Liana terkejut dan menoleh, ia tidak menduga Dimas ada di belakang ayunan. “Nanti,” jawab Liana membalikkan badan menatap Dimas.
“Lo lagi apa di sini?”
“Lihat kupu-kupu.”
Dimas tersenyum, lalu pandangannya menuju ke atas. “Mana?”
“Udah pergi.”
“Lo masih mau di sini?”
Liana mengangguk.
“Ya udah,” kata Dimas seraya melihat arloji yang melingkar di lengan kirinya. “Gue balik duluan, lo jangan lama-lama di sini, udah sepi.”
“Iya.”
Dimas berpaling, lalu cowok itu mulai melangkah meninggalkan Liana.
“Tunggu!” seru Liana.
Dimas menoleh dan mengernyitkan alis.
“Lo ngikutin gue terus, kenapa?”
Dimas berbalik lagi menghadap Liana. “Gue takut.”
“Takut apa?”
“Takut ada yang jahatin lo lagi.”
Sepoi angin berembus lirih, menghantarkan sehelai daun ke rambut panjang Liana.
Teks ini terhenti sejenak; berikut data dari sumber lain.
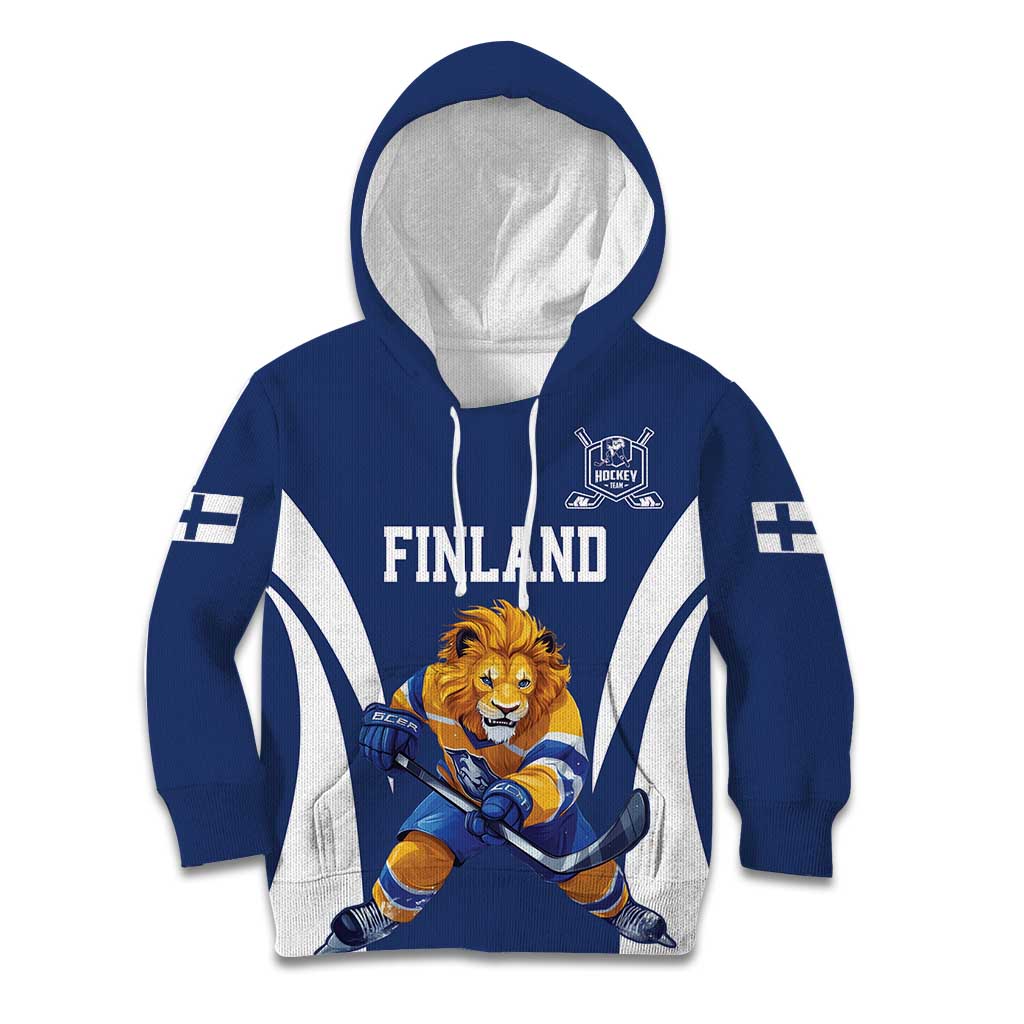 Custom Finland Hockey Kid Hoodie Suomi Leijonat Mascot - Wonder Print Shop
Ia diam beberapa detik memandangi Dimas, cowok yang belakangan ini selalu memberi perhatian untuknya. Tampan, berpenampilan rapi, dan yang paling mencolok bagi Liana adalah bahwa Dimas memiliki hati yang baik. “Temenin gue di sini, sebentar.”
Dimas tampak terkejut mendengar permintaan yang terlontar dari Liana. “I-iya.”
***
Keluarga konglomerat, itu adalah frasa yang tepat untuk menggambarkan status sosial keluarga Anita Rahayu. Jutaan bintang terpampang dari balik atap kaca, ada jacuzzi seluas lima meter persegi yang sedang ditempati oleh Anita dan Debi. Nuansa ruangan bercahaya biru, dihiasi oleh kelap-kelip lampu hias yang merambat di dinding. Pot-pot tanaman juga tertata rapi, favorit Anita adalah kaktus setinggi satu setengah meter. Malam ini ia dan Debi memakai kaus santai yang sudah basah kuyup, uap air hangat beterbangan di sekeliling mereka. Anita menuangkan soda ke gelas kaca, lalu mereka bersulang untuk Cindy.
“Buat sahabat kita,” kata Debi.
“Buat sahabat kita.”
Mereka meneguknya. Gelombang air mengingatkan Anita pada hari saat ia dan Cindy mengerjai Liana di dalam kolam renang. Keseruan itu membuatnya tak tahan untuk dibahas. “Lo inget waktu gue dan Cindy kerjain si Albino di kolam renang?” tanya Anita seraya menaruh gelas di pinggiran.